■ **What is required**: Identify all lines in the data containing the string "with". Copy them out.

■ **Study material**:
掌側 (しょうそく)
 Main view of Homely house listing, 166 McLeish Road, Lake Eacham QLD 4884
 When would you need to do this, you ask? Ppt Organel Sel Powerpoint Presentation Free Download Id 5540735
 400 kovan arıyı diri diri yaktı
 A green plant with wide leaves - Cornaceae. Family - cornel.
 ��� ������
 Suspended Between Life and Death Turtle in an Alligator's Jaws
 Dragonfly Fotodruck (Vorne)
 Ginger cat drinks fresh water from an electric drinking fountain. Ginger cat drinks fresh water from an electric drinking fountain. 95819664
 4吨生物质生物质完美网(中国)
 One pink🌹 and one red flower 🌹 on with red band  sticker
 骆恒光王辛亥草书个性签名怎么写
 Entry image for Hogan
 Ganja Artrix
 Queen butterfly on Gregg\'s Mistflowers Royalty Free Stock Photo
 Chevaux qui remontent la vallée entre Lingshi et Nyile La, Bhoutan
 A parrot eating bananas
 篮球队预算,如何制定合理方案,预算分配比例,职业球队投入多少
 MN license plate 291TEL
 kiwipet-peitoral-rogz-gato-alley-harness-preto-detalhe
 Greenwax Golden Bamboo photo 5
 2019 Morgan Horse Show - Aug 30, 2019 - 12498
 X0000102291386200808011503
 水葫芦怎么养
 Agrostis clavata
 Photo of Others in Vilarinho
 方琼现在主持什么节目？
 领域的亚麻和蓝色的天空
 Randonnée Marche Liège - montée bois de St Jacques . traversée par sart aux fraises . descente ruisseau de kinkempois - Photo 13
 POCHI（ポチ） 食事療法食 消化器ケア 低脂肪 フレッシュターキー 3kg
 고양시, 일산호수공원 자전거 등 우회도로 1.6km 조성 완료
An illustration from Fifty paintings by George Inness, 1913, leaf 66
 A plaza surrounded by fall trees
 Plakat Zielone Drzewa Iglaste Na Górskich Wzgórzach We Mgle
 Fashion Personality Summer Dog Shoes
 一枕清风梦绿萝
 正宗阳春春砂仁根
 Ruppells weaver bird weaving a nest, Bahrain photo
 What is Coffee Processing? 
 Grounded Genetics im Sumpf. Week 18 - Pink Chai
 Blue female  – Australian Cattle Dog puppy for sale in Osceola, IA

■ **Response**:
 A green plant with wide leaves - Cornaceae. Family - cornel.
 One pink🌹 and one red flower 🌹 on with red band  sticker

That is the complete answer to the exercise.